Prof. Christopher J. Preston first VU Distinguished Visiting Fellow in Ethics of the Anthropocene

Professor Christopher J. Preston has been appointed as first VU Distinguished Visiting Fellow in Ethics of the Anthropocene: Religion, Ethics, and Global Environmental Change for the academic year 2016-2017.

04/19/2016 | 10:45 AM

The fellowship is a collaboration between the Department of Environmental Policy Analysis, the Institute for Environmental Studies (IVM) and the Faculty of Theology. From October 2016 to January 2017, Christopher J. Preston (University of Montana) will engage with the question of whether the Anthropocene (the current geological era, ‘the human era’) denotes a post-natural epoch. In recent work, he has been distinguishing between the idea of the Anthropocene as a retrospective look at impacts and the idea of the Anthropocene as a prospective embrace of certain technologies.

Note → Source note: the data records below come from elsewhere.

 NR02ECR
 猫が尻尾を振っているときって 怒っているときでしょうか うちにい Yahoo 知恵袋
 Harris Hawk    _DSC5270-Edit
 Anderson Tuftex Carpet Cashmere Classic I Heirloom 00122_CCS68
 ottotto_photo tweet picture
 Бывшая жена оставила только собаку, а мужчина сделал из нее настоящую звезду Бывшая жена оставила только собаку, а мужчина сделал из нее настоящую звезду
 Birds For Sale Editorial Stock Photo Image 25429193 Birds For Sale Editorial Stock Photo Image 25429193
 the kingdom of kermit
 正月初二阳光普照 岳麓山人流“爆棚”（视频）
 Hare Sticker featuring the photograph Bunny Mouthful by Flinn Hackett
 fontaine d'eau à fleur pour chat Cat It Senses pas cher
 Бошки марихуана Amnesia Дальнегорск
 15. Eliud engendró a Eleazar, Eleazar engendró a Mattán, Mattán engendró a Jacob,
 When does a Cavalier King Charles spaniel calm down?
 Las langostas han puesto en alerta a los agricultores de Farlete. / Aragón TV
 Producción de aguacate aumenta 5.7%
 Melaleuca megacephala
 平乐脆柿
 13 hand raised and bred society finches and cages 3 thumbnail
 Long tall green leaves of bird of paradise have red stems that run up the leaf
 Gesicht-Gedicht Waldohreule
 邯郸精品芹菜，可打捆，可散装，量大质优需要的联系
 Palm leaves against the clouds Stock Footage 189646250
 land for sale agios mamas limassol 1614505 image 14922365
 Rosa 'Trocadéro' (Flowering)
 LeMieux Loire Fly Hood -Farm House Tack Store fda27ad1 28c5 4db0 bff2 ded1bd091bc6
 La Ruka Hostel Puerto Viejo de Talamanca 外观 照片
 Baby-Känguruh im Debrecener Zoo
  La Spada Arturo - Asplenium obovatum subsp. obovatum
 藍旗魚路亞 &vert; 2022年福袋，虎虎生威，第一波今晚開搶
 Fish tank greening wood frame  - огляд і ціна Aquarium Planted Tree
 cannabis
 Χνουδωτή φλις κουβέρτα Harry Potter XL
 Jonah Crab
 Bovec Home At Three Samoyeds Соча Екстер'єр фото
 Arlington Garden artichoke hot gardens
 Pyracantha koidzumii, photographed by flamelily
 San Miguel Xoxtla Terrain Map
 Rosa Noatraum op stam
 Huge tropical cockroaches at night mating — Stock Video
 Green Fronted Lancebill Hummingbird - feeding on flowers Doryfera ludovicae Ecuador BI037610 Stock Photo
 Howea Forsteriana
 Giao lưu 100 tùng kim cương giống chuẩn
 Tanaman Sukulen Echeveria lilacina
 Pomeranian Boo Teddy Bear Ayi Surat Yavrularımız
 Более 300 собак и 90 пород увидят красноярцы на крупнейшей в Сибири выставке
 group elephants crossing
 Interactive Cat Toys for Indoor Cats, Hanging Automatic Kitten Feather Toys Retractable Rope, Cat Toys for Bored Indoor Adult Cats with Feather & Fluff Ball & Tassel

During the fellowship, he plans to consider what this prospective version of the Anthropocene does for certain key ideas that have anchored environmental thought. In particular Preston will consider what use this prospective Anthropocene has for the ideas of “nature” and of “the wild”. Contrary to what many Anthropocene thinkers are today saying, there seems to be good reason to doubt that the Anthropocene is the era of the “post-natural” and the “post-wild.” The project will endeavor to show the continued importance of these concepts in the epoch of the Anthropocene.

Research
Preston is a Full Professor in the Department of Philosophy and a Research Fellow at the Program on Ethics and Public Affairs at the University of Montana. He works in environmental philosophy, climate ethics, the ethics of emerging technologies, and feminist philosophy. His research has recently focused on the major ethical and conceptual issues raised by climate engineering, synthetic biology, genetic modification, and nanotechnology.

About the Fellowship
The novel concept of an ‘Anthropocene’ has been proposed to denote the present epoch in planetary history, following up the earlier Holocene: as a new geological era now largely defined by the extent and direction of human activities with a profound global impact on the earth’s ecosystems. Importantly, the concept of an ‘Anthropocene’ now places humankind fully at the centre of planetary evolution, as the main driving force on planet earth. These conceptual developments, however, raise fundamental normative questions with profound relevance for religion and ethics and for the principles that will guide the governance of the earth system.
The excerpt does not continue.